In March UW teaching and research assistants voted 1,391 to 979 to authorize a union to represent them on the UW campus. In early April Graduate Student Employee Action Coalition/United Auto Workers began negotiating with the UW administration for its first contract.
Over the last four years, graduate student employees have tried to have their union recognized by the UW. Approximately 250 TAs and RAs participated in a strike for two weeks at the end of spring quarter in 2001, the first time these groups have ever struck the UW. The results of that job action were inconclusive and both sides claimed success.
The University initially opposed exclusive recognition of the union because state law did not permit these kinds of negotiations. In 2002 the lawmakers passed enabling legislation that both the union and the UW supported.
The March certification election grew out of this new legal environment.
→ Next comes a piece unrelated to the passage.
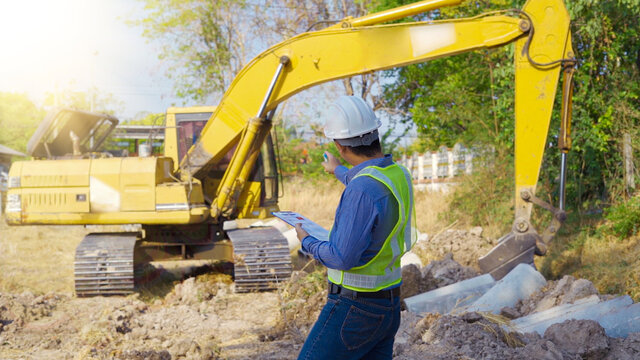 Civil engineer working inspection on site while backhoe working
Out of approximately 4,500 eligible student appointees, 2,370about 52 percentsubmitted votes that were counted.
"We are thrilled with the outcome of the vote," says Kristen Intemann, a graduate student in philosophy and a member of the union's bargaining team. "It's been a long time and we're glad that negotiations are finally going to happen."
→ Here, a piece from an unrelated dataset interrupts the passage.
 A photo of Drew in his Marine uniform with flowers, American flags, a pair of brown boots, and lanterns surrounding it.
"We are negotiating a minimum of 20 agreements with nine different unions during the next six or seven months," says Patti Carson, vice president for human resources. "The University has expressed a very real desire to work differently and to develop dialogue with our unions."
According to the Chronicle of Higher Education, there are more than 30 TA unions representing more than 40,000 graduate student employees in the U.S., almost double the number from a decade ago.